Do you see how easy it is really when we build out the world of assumptions, that can add doubt to the conclusion of any argument?

Now, none of these assumptions are true (or untrue); they are simply possibilities, and thus things we need to be wary of and not to make assumptions in our arguments while being cognisant of the LSAT writer’s traps.

Assumptions and support have an inverse relationship towards making an argument “good.”

More support = “better” the argument.

More assumptions = “worse” the argument.

There are many different types of arguments in the LSAT, including conclusions that depend on formal logic and are reasonably sound with no assumptions made, to the more abstract, inferential flaw-based questions. Ultimately, how likely we should feel convinced of an argument, and therefore accept it as a “good” argument, fluctuates as a function of these two variables: support and assumptions. As mentioned earlier, the LSAT writers will very often make you play around these two variables, so having a strong understanding of how they affect (or don’t affect) an argument is key. Understanding that they exist is the first and very important step to tackling the LR section!

Next, let’s move on to how to approach LR questions in general.

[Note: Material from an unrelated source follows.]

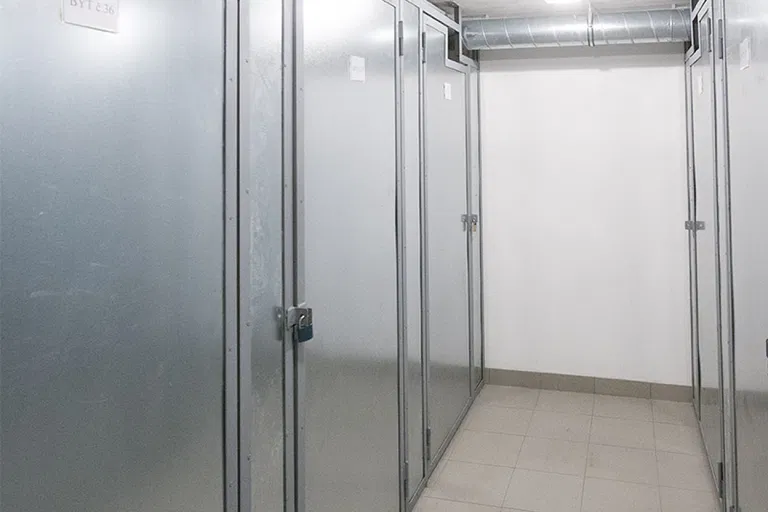 Mezitraťová, Hrdlořezy - Praha 9 | Prenájom, Byt, 3-izbový, 95 m²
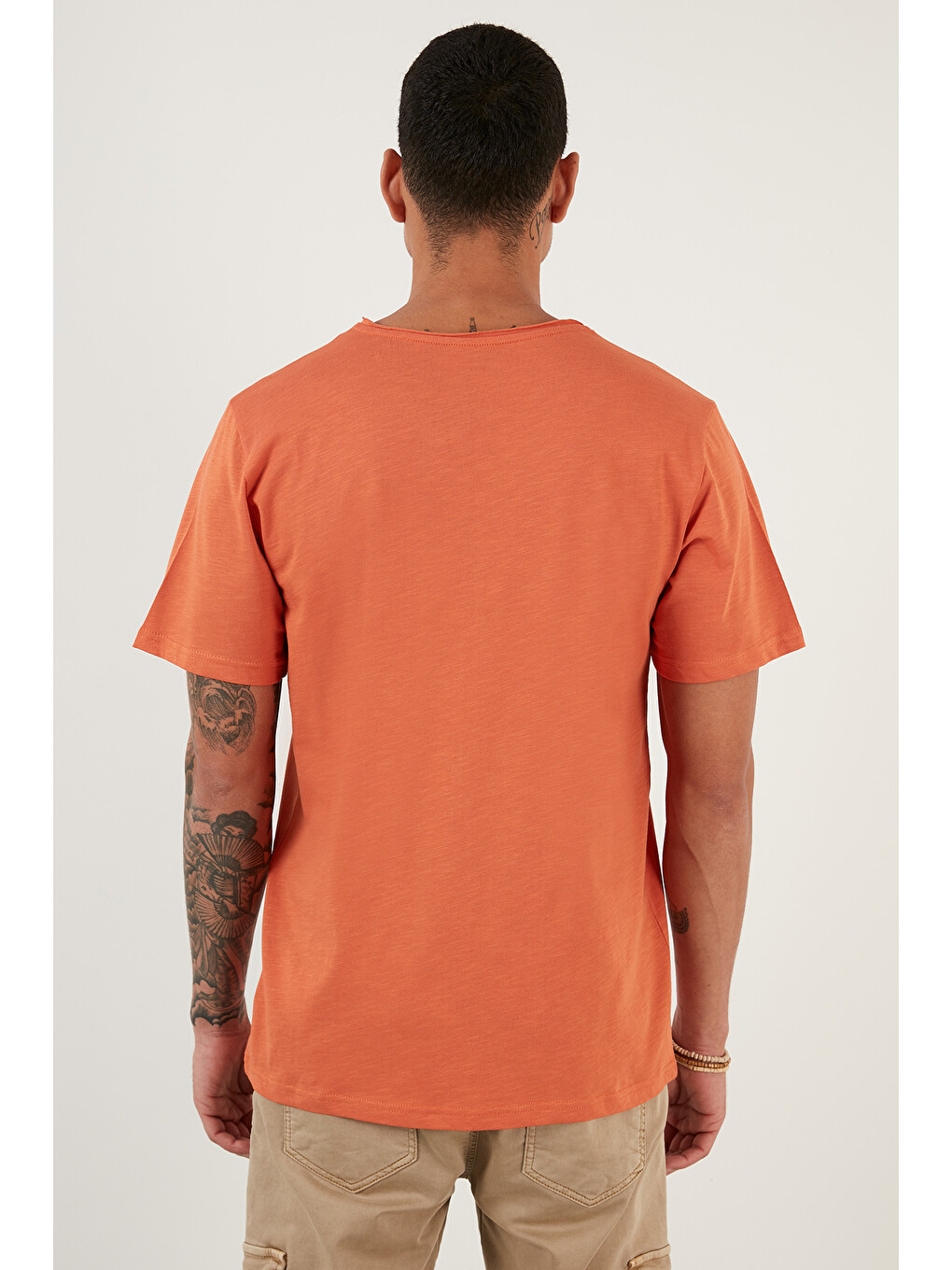 Turuncu Bisiklet Yaka %100 Pamuk Slim Fit Basic Tişört 5902000-4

5-Step Systematic Approach to Answering Logical Reasoning Questions

  1. Question Stem
  2. Active Read Stimulus
  3. Identify Argument Structure & Stimulus Components
  4. Analyze Stimulus
  5. Evaluate Answers

Okay, so what does each step mean here?

  1. Question Stem:
    1. What question are we dealing with here? (AdeptLR has subdivided logical reasoning questions into 17 types)
  2. Active Read Stimulus:
    1. What are we even talking about here? Did you understand what you just read? A good way to know if you truly understood what you just read is to ask yourself —  can I translate this into my own words? 
  3. Identify Argument Structure & Stimulus Components:
    1. What is the argument, if there is one?
    2. What is the logical structure of the argument?
    3. Where is the main conclusion, premises, sub-conclusions, order/parts, etc.
    4. Identifying MC through the flow of support
  4. Analyze Stimulus:
    1. Determine support and assumptions.
    2. Depending on the question type, how you analyze the stimulus will have a different approach. 
    3. AdeptLR has articles on the analysis of LR question sub-types
  5. Evaluate Answers Pass-through:
    1. Process-of-elimination (POE)
    2. Predicting answers

This article taught us the basics of the LR section and the components of arguments. We also went into how to actively read a stimulus and how to identify the flow of support to arrive from P → C from the 5-step systematic approach to LR questions (steps 2 and 3). In our “Approach Series,” there will be more in-depth articles on how to analyze the 17 different LR questions (step 4).